There was a small, low table and a very young girl lay on top of it. Quinn could tell that she was very young because her long robe was pushed all the way up. It was bunched up under her arms and under her chin where she held it with her hands. She had small, brown hands, like raccoon paws. One man stood at the end of the table where he held the girl by her hips.

“All of them?” said Quinn, and he heard himself whisper.

“It’s all right,” said Turk. “She goes on the boat.”

“The what?”

“Tonight’s boat. I told you that Remal trades in everything.”

The man at the table wore a wide burnoose which covered all of him. When he leaned more and gripped the girl hard, his shadow suddenly flapped up the wall like a bat, up the wall and over the ceiling. Then it collapsed again and went away. The man stepped away and there was shifting and murmuring. The girl stayed on the table.

“You are a guest,” said Turk. “They say if you would like to he next then you don’t have to wait.”

“No. Thank you,” said Quinn.

He didn’t say anything else but felt pressure inside from the sight he saw there—the girl on the table who acted as if she were not there, the men in the room, and things like ropes and wires, perhaps the most delicate parts of which they were made.

And Remal trades in this. I drop out of a box, thin-skinned like a maggot, and a cold bastard like Remal, moving the ropes and wires inside his anatomy, steps on me.

“Let’s go,” said Quinn, and looked for the door.

There was a door to the outside and Turk pushed it open. The girl looked up at Quinn when he walked past and then closed her eyes. There was sweat on her forehead and one of the men, with the end of his burnoose, gave a dab to her face.

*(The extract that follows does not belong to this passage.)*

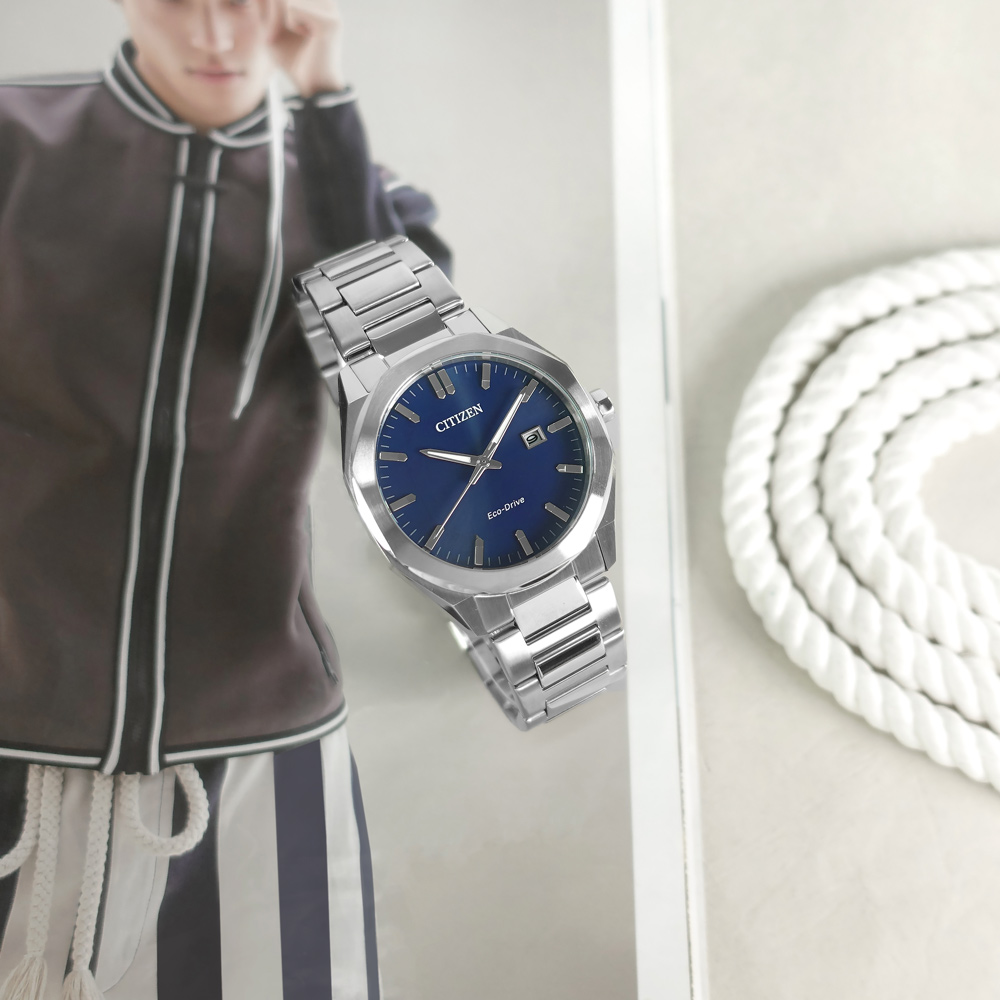 CITIZEN 星辰錶 / BM7600-81L / 光動能 八角形 日期 防水100米 不鏽鋼手錶 藍色 41mm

And that doesn’t change anything either, thought Quinn. It looks almost human, that gesture, but it changes nothing.

He stood outside in the alley, wishing he could smell the desert which was not far away There probably is no smell to the desert, he thought. He shivered with a sensitivity which was painful. Like a goat, that’s what she looked like. Even after she closed her eyes. That’s how he treats everybody, like Quinn the goat, like a piece of meat hanging down from a nail—

“Perhaps you would like…” Turk started, but he didn’t get any further.

“When are they done in there, with the girl?”

“Done? I don’t know. The boat, I think, doesn’t leave until after midnight. If you would like…”

“I want her.”

“Alone? All right. But I could get you…”

“Shut up. Get that one. Borrow her. Pay the captain for the loan of the cargo he’s got on the table there.”

“That won’t be necessary, I don’t think. Just a little token, perhaps, but there is no real price.”

“But there will be,” Quinn said to no one in particular. “There most certainly will be,” and he wiped his face because he was sweating again, feeling a sharp, sudden anger.